WHAT YOU HAVE TO DO ▸ Print each entry as it appears. Images stay out of the copy.

(Captioned web images)
************

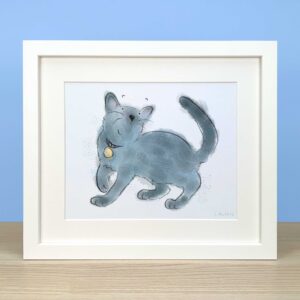 Blue Burmese Artwork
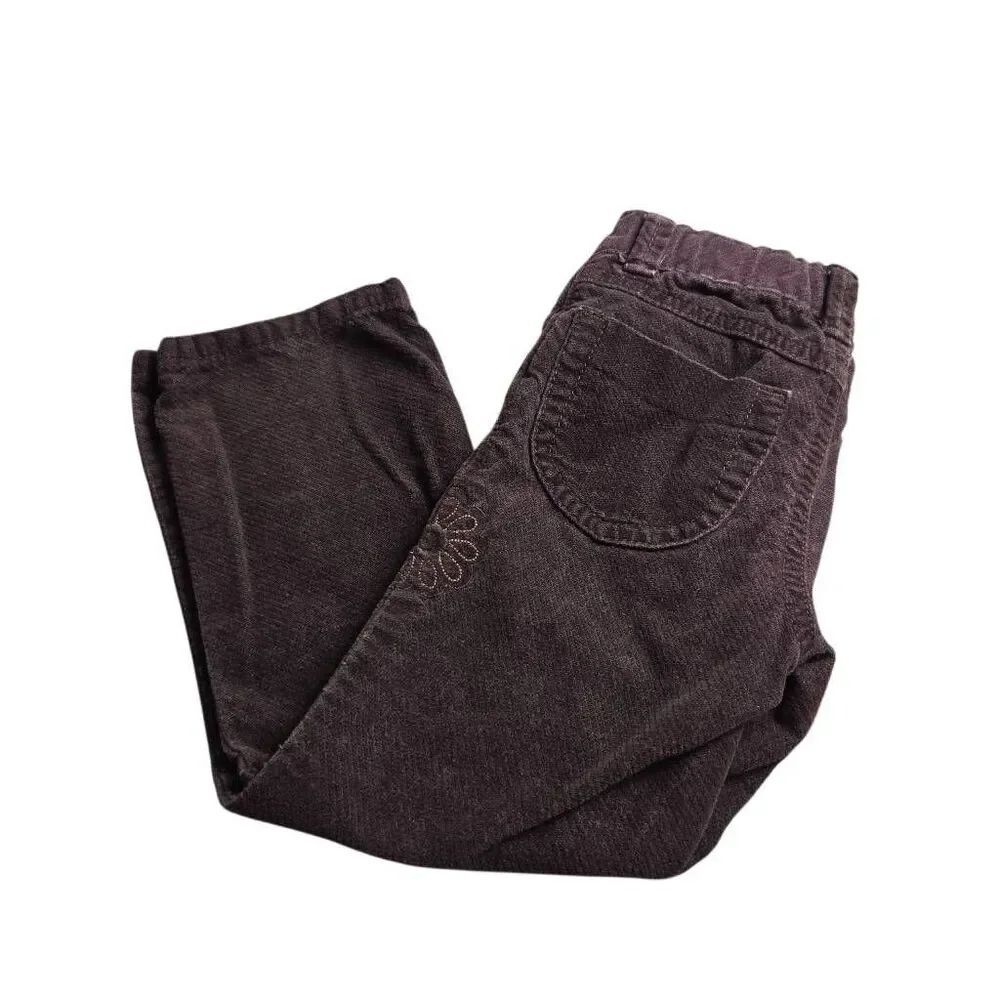 OshKosh B'gosh corduroy pants with embroidered floral 4T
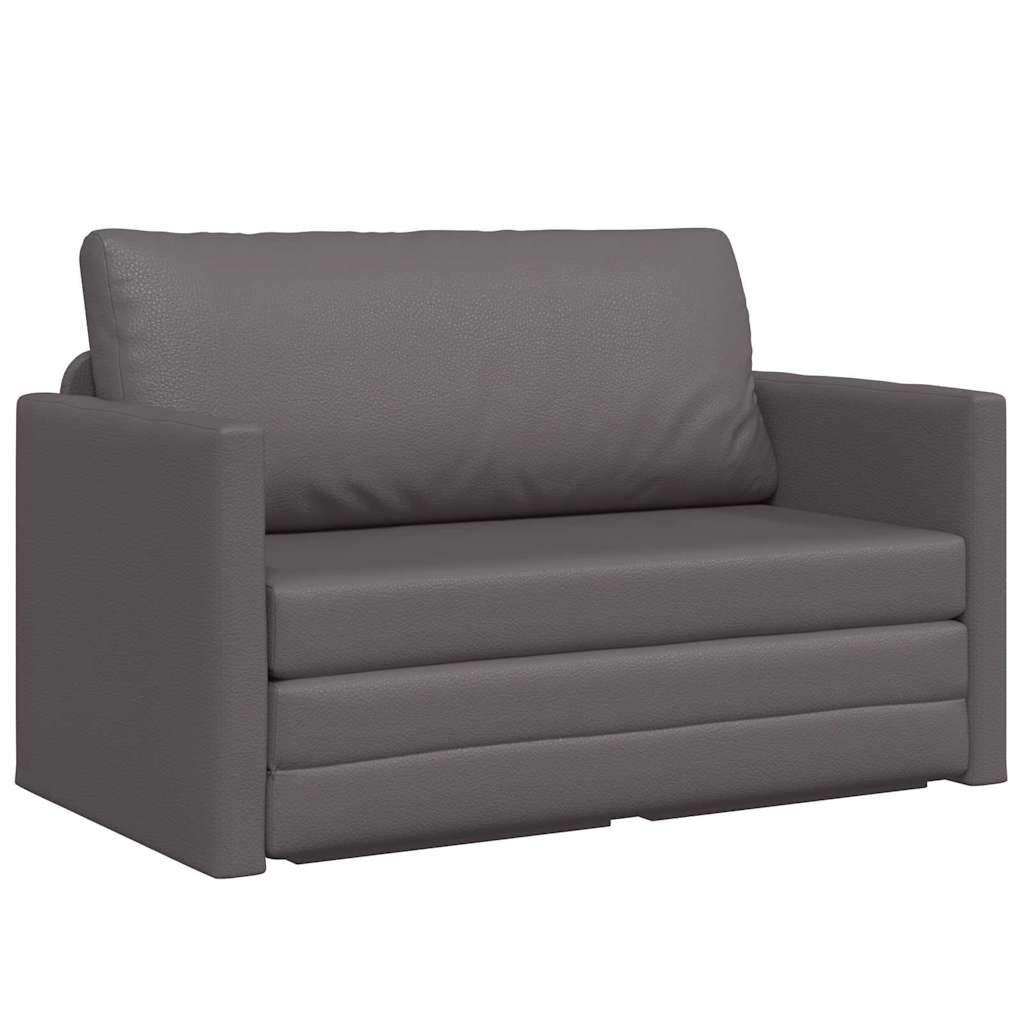 vidaXL Κρεβάτι καναπές 110cm Γκρι Δερματίνη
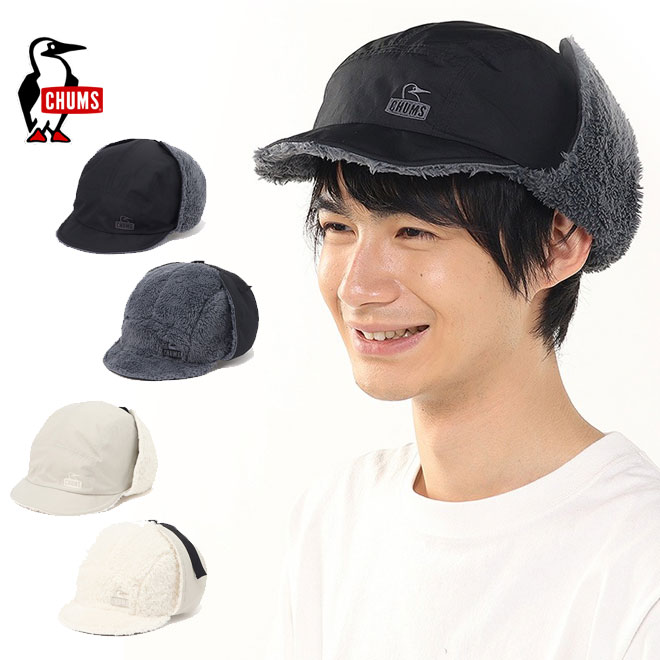 チャムス ゴアテックスウィンドストッパーリバーシブルキャップ 帽子 CHUMS CH05-1441 メンズ レディース ブービーバード アウトドア フィッシング ロシアンキャップ 2way 耳当て帽 ゴアテックス パイロットキャップ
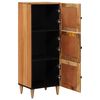 vidaXL Highboard with Door Natural 40 x 33 x 110 cm Solid Mango Wood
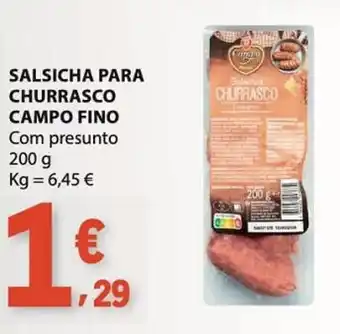 E.Leclerc Salsicha para churrasco campo fino promoção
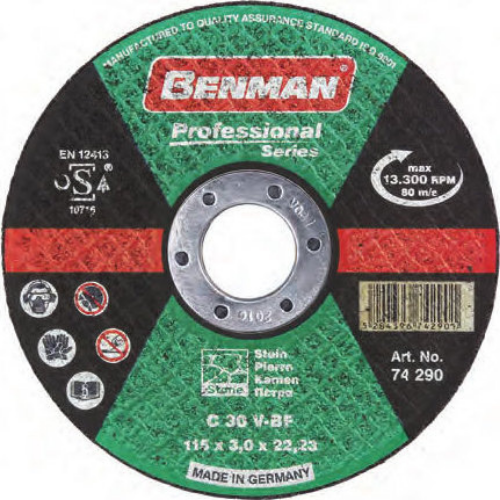 Δίσκος Κοπής Μαρμάρου Benman C30 V-BF  74291 125×3,0x22,23mm
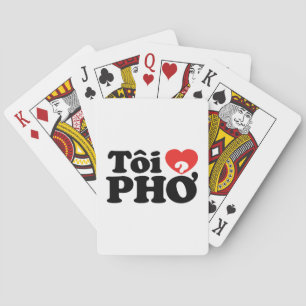 Jeu De Cartes I Heart (Love) Pho (Tôi PHỞ)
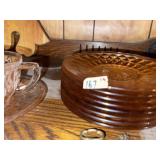 Vintage Pink Depression Glass Grp (16 Pc)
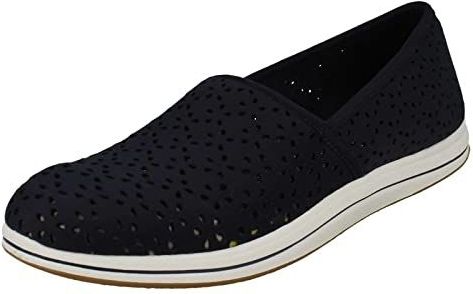 Clarks - Brinkley Emily - Mocassins - Navy Blauw - Textiel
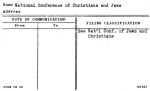 National Conference of Christians and Jews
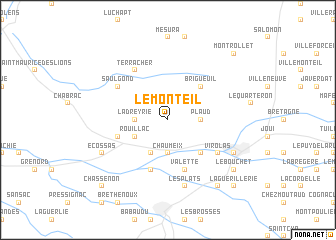 map of Le Monteil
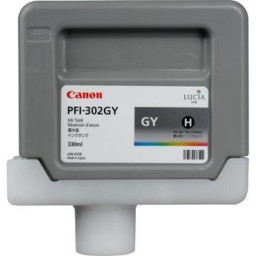 C.t. CANON PFI-302GY  IPF8100 IPF9100 gris 330ml IPF8100 IPF9100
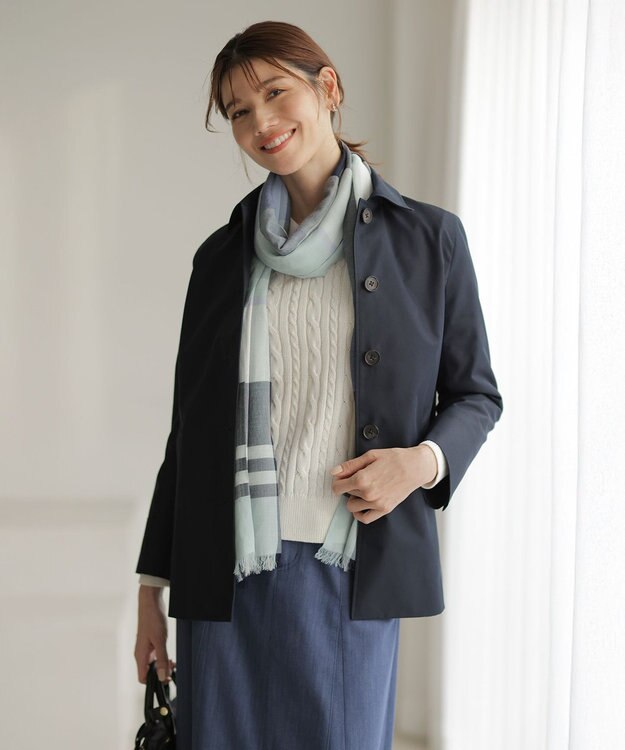 J.PRESS LADIES 【洗える】GIZA MERCERIZE COTTON ケーブル ニット ホワイト系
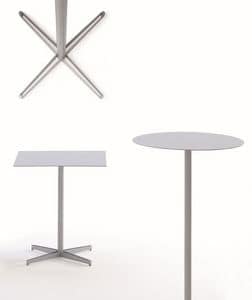 Tea table, Cafe Tabelle in Metall, für den Außenbereich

************

WORKED SOLUTION ▸
 Blue Burmese Artwork
 OshKosh B'gosh corduroy pants with embroidered floral 4T
 vidaXL Κρεβάτι καναπές 110cm Γκρι Δερματίνη
 チャムス ゴアテックスウィンドストッパーリバーシブルキャップ 帽子 CHUMS CH05-1441 メンズ レディース ブービーバード アウトドア フィッシング ロシアンキャップ 2way 耳当て帽 ゴアテックス パイロットキャップ
 vidaXL Highboard with Door Natural 40 x 33 x 110 cm Solid Mango Wood
 E.Leclerc Salsicha para churrasco campo fino promoção
 Δίσκος Κοπής Μαρμάρου Benman C30 V-BF  74291 125×3,0x22,23mm
 Jeu De Cartes I Heart (Love) Pho (Tôi PHỞ)
 Vintage Pink Depression Glass Grp (16 Pc)
 Clarks - Brinkley Emily - Mocassins - Navy Blauw - Textiel
 National Conference of Christians and Jews
 map of Le Monteil
 C.t. CANON PFI-302GY  IPF8100 IPF9100 gris 330ml IPF8100 IPF9100
 J.PRESS LADIES 【洗える】GIZA MERCERIZE COTTON ケーブル ニット ホワイト系
 Tea table, Cafe Tabelle in Metall, für den Außenbereich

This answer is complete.